A trusted identification authority is the only means to limit an adversary from introducing Sybil identities in the network, as proven by Douceur in [1]. This method is considered in [20] and [21]. However, this is not a suitable solution for WSNs, because of the cost introduced by public key cryptography. In [22] Sybil Infer is studied, which is a central approach, too. Pairwise key distribution schemes, apply node authentication by associating a sensor identity to a unique key, using symmetric crypto, but unavoidably limit the size of the supported network. Each sensor shares one unique common key with exactly m other nodes, where m is the size of the key ring. Therefore, each sensor can establish a secure link with at most m nodes [7]. The size n of the network can be computed as n = m/p, where p is the probability that any two nodes are connected. To increase the supported network size, a multi-hop range extension is proposed [7]. However, the sensor ID re-broadcast mechanism of the scheme used to reach nodes that are not in the vicinity of a sensor, is done via a non-authenticative manner. This allows an adversary to launch DoS attacks, especially for the case of colluding adversaries that can collect multiple network identities and flood the network with requests [3]. But in this approach, the re-broadcast of the sensor IDs is done without authentication, which can create serious security vulnerabilities with DoS attacks [3]. Therefore the pairwise scheme is not suitable for a large variety of applications, unless flexibility, node additions and limited network size are not an issue. The supported network size is much smaller compared to the basic and the q-composite schemes.

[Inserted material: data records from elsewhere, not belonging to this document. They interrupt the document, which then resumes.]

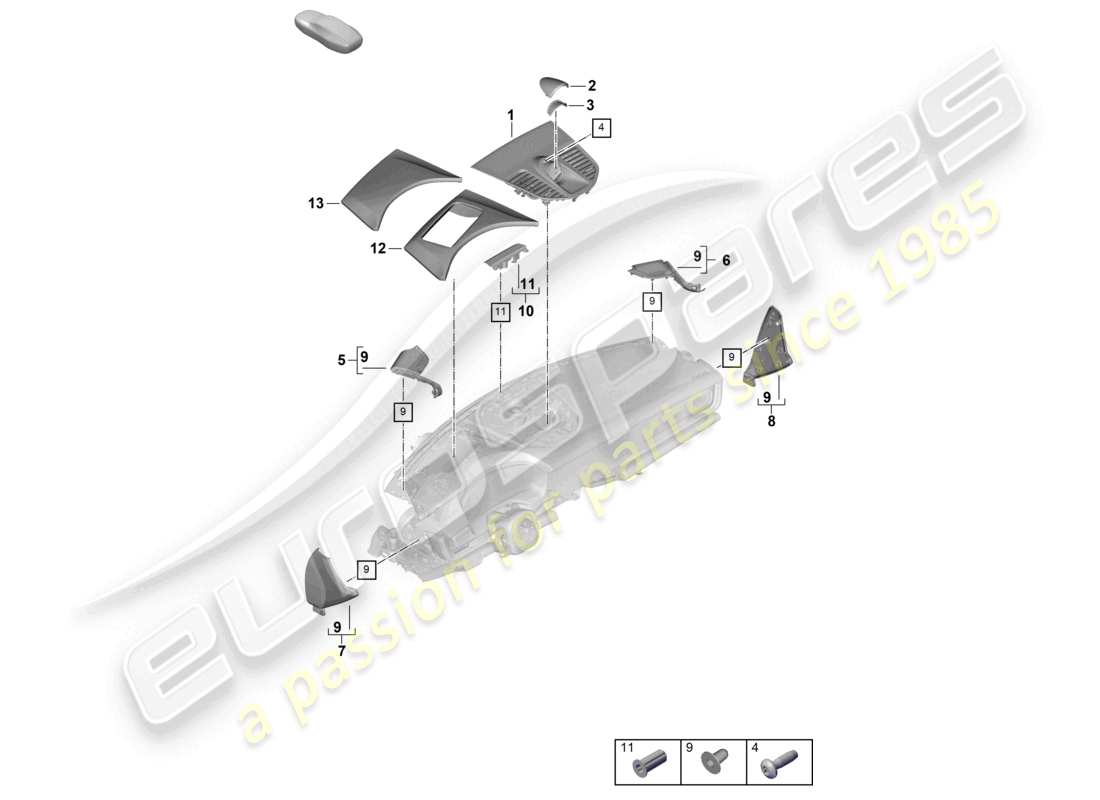 porsche 2025 (panamera 976) zubehör oberes armaturenbrett teilediagramm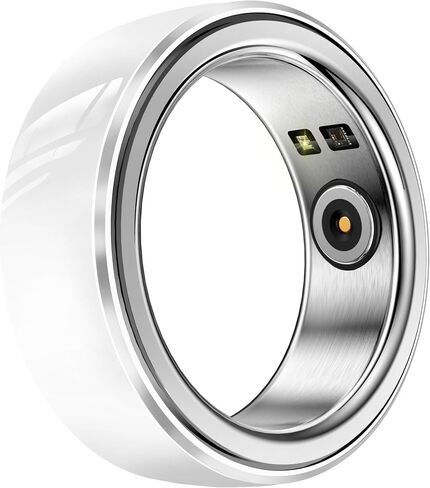 Revo Smart Ring - Fitness Ring Health Tracker - Sleep Tracking - Heart Rate Monitor - IP68 Waterproof - 400mah Docking Station Powerbank - White (10) in Saudi Arabia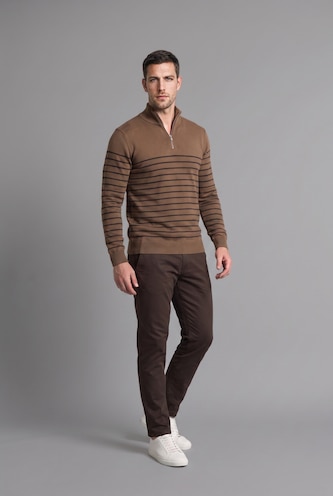 Men Camel Standard Fit Knitwear Pullover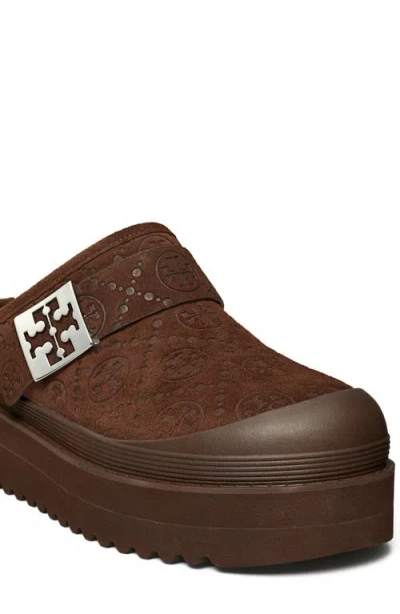Tory Burch Mellow Genuine Shearling Lined Platform Mule In Brown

There are several more researches that consider RKD to resist against Sybil attack, none of them uses a currently known scheme like q-composite. According to our best knowledge, most of them introduces a new RKD to improve network resilience against Sybil attack. For example, [15] explains a location-based RKD. Newsome et.al. [19] explain Key Validation Test for random key predistribution. They use a special form of basic scheme that keys are assigned to nodes according to a Pseudo-Random Function. It is a challenge-response method that each node should prove owning the claimed keys. Unlike our approach, this method discharges network resources. Besides, our approach can be used when the challenge-response test is passed by nodes.
Moore in [16] analyzes [19] and mount an attack to it. Moore shows that [19] is vulnerable against the proposed attack. Finally, he suggests Secure Path Key Revocation to resist against the attack.
[23] proposes a location-aware RKD to stand with Sybil attack. In [14], if a node claims owning a key, that key should exist in the key pool. Also, [18] introduces a new RKD to mitigate the risks of Sybil attack.
V. SUMMARY
In this work we proposed a Sybil detection mechanism that improves the resilience of large WSNs against a variety of adversarial strategies. By applying our method to the q-composite scheme, we are able to support large sensor networks, and minimize the effects of a Sybil attack. We prove this by showing that the number of potentially undetected nodes, is much smaller than that expected number of legitimate neighbors. This makes the attack unsuccessful against its common targets, such as voting schemes that require the majority of the malicious nodes. For future work we plan to extend our analysis for more advanced adversarial strategies, such as the case of the colluding adversarial nodes. We want to test the efficiency of our scheme against those and propose an enhanced defense.
[1] The basic scheme and the q-composite scheme are extensively used in sensor network applications. We can also consider the basic RKD scheme with a few modifications.
[2] B can finish the protocol here and consider A1 and A2 as Sybil nodes. But, there is a very low probability for an error. To be sure, he can now start a resource testing protocol only with the marked neighbors.